## PROBLEM STATEMENT
Leave the pictures out and print, word for word, the lines below from the one with "Triplet Dance Party Youtube" through the final line.

## DATA SHOWN
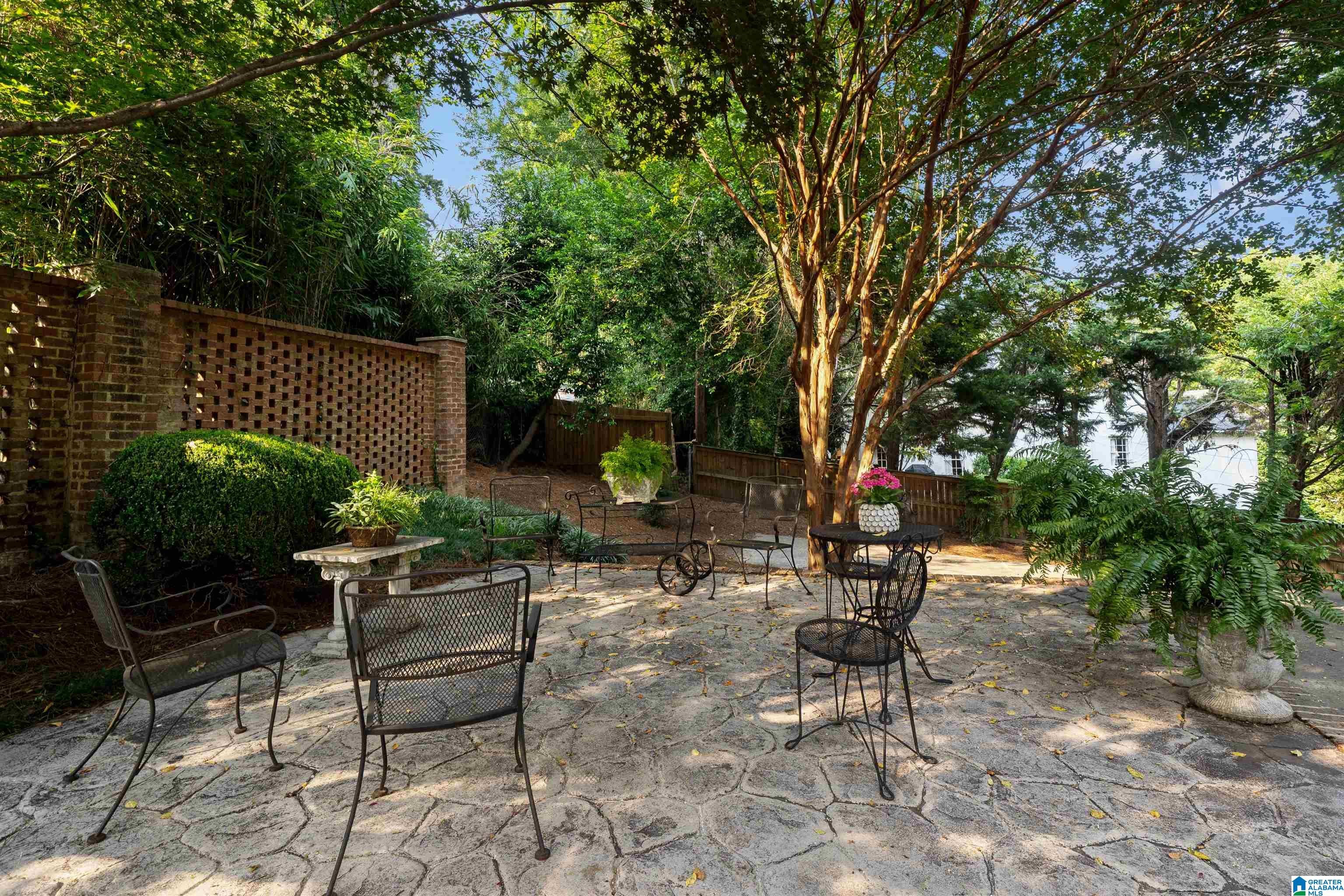 121 Spring Street Mountain Brook, AL 35213 - Photo 45 of 55 Gallery Image 45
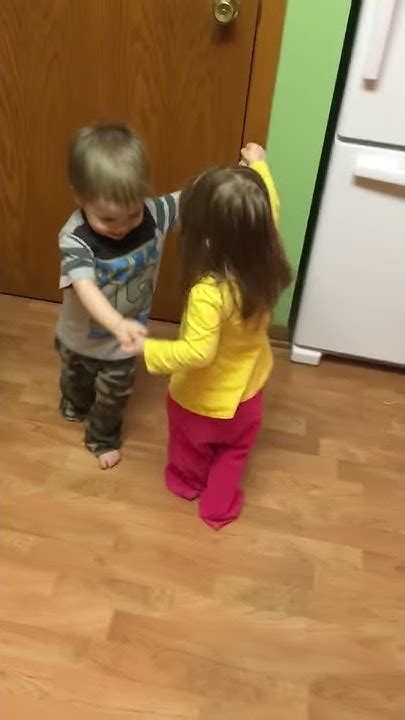 Triplet Dance Party Youtube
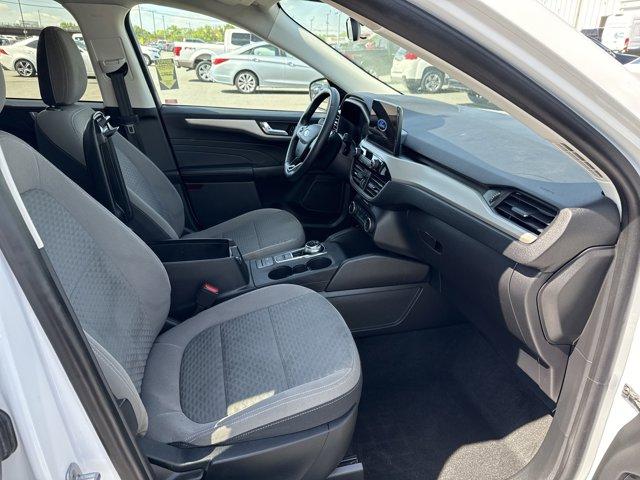 2021 Ford Escape Vehicle Photo in Charlotte, NC 28212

## RESULT FOR THIS TASK
 Triplet Dance Party Youtube
 2021 Ford Escape Vehicle Photo in Charlotte, NC 28212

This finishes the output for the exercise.